Le bazar ambulant de Gérard Macé
Gérard Macé réunit en une édition augmentée trois blocs-livres parus au virage du millénaire dans la collection “Le Promeneur” (Colportage I, II, III, Gallimard). Se retrouvent les lectures, traductions et images de celui qui fut photographe avec ou sans appareil. Comme Aléchinsky dont il parle, Macé se veut “ambidextre” capable de dessiner le monde à travers tous ses travaux et leur arsenal hétéroclite.
Se mêlent ici le voyageur, l’esthète critique, le traducteur. Macé ligature et marie des éléments épars du monde comme de la littérature. Il confronte son regard avec Rome, Istambul, Kyoto, Lisbonne, l’Afrique comme à travers ses auteurs de chevet (Pierre Michon, Louis-René des Forêts, Jean Tardieu entre autres) et ceux qu’il traduit (Dante, Mario Praz, Leopardi, Svevo, Borgès).
L’écrivain juxtapose des mouvements de reflux et de flux. Tout navigue entre un désir et un plaisir. La morphine-base de l’écriture apaise les douleurs, sollicite la réflexion. Elle est pour Macé l’hématome crochu de l’éternelle errance plus que d’un voyage autour d’une chambre où il stockerait ses expériences.

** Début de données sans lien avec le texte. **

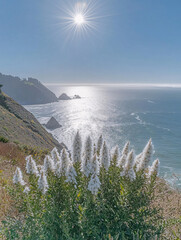 Coastal Serenity Sunlit Ocean View with White Flowers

Créer n’est plus produire du flegmon mais de l’œuf. C’est réinventer des expériences diverses d’analyse et de création qui n’ont rien du “gigot de celluloïd”. D’où la densité émotionnelle du corpus. Il sollicite et agite l’esprit. Existent autant un magma qu’une fluidité dans ce qui tient d’un théâtre de l’existence ouvert à une multiplicité d’interprétations.
jean-paul gavard-perret
Gérard Macé, Colportage, Gallimard, Paris, 2018, 594 p. — 29,00 €.